Hoofdstuk 6 Economische uitvoerbaarheid

Voor de beoogde ontwikkeling is het opstellen van een exploitatieplan niet noodzakelijk, aangezien de aanleg van een rotonde met bijbehorende infrastructuur niet is vermeld in artikel 6.2.1 van het Bro.

De kosten voor de planvorming (bestemmingsplan) en procedures zijn voor rekening van de gemeente Putten. De provincie Gelderland is financieel verantwoordelijk voor het ontwerp en de uitvoering. De gemeente Putten en de provincie Gelderland hebben de benodigde budgetten om dit plan te kunnen realiseren gereserveerd. Daarmee is het plan economisch uitvoerbaar.

In de achterliggende jaren is voor het veiliger maken van de Puttense provinciale wegen door Gedeputeerde Staten in 2011 een budget beschikbaar gesteld van 7 miljoen euro. De provincie heeft aangegeven dat eind 2014 alle door hun geplande werkzaamheden zijn afgerond. Op het budget van 7 miljoen euro resteert nog een bedrag van ca. 1,2 miljoen euro wat de provincie aan de gemeente Putten in de vorm van een subsidie wil overmaken voor de verbetering/reconstructie van de beide rotondes in de Van Geenstraat. De provincie heeft in het mondeling overleg van 3 juli 2014 aangegeven, dat het restantbudget alleen bestemd mag worden voor de reconstructie van twee rotonde,waarvan onderhavige rotonde er één is. Dit is bevestigd in de brief (Verseon 365456) d.d. 11 juli 2014. Op basis van de zgn. Potentheorie is de gemeente verplicht bij wijzigingen van kruisingen een bijdrage te verstrekken op basis van het aantal poten van de kruising. De gemeenteraad van Putten heeft voor de kruisingen Terra Nova (1/3 deel), Melkmeisje (2/4 deel) en Veenhuizerveldweg (2/4 deel) door middel van raadsbesluiten al budgetten beschikbaar gesteld. De provincie heeft de gemeente medegedeeld dat ze dit bedrag mag bestemmen voor de reconstructie van de betreffende rotondes waarmee de betalingsverplichting aan de provincie vervalt. Het plan is daarmee economisch uitvoerbaar.

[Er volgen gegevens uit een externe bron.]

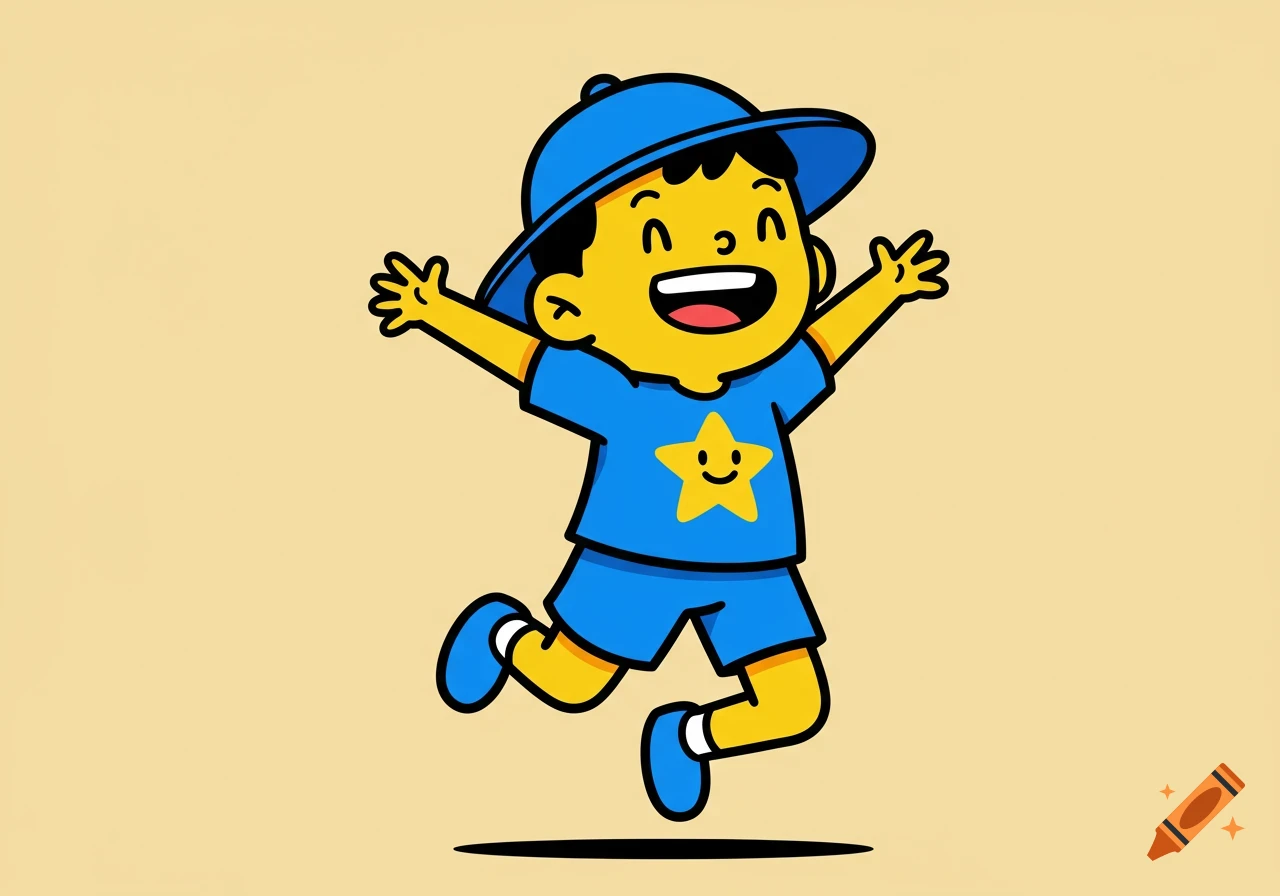 A happy yellow cartoon boy wearing a blue hat and clothes with a smiling star on his shirt jumps.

Hoofdstuk 7 Maatschappelijke uitvoerbaarheid

7.1 Inspraak

Op grond van de Wet ruimtelijke ordening is inspraak facultatief. Inspraak wordt gedefinieerd als het bieden van een gelegenheid aan insprekers om betrokken te worden bij de voorbereiding van gemeentelijk beleid. Of inspraak wordt verleend, wordt bepaald door de gemeentelijke Inspraakverordening. In de Inspraakverordening, vastgesteld bij besluit van de raad van 3 november 2005 nr. BPO/2004/10934, is bepaald dat elk bestuursorgaan ten aanzien van zijn eigen bevoegdheden besluit of inspraak wordt verleend bij de voorbereiding van de vaststelling en/of wijziging van gemeentelijk beleid. Gezien de beperkte omvang van dit plan wordt direct het ontwerpbestemmingsplan terinzage gelegd. Tegen dit plan kan een ieder zijn of haar zienswijze kenbaar maken aan de gemeenteraad.

7.2 Overleg

Het voorontwerp bestemmingsplan is conform artikel 3.1.1. Bro voorgelegd aan de provincie, waterschap, regioarcheoloog en de betrokken rijksdiensten. Er zijn geen reacties ontvangen.

7.3 Ontwerpbestemmingsplan

Van 4 juni tot 16 juli 2015 heeft in het gemeentehuis bij de afdeling Ruimte (kamer V-5) voor eenieder het ontwerpbestemmingsplan 'Reconstructie rotonde Van Geenstraat / Roosendaalseweg' ter inzage gelegen". Binnen de termijn, dat het ontwerpbestemmingsplan ter inzage lag, kon eenieder zowel schriftelijk als mondeling zienswijzen over het ontwerpbestemmingsplan kenbaar maken bij de gemeenteraad. Er zijn geen zienswijzen ingediend.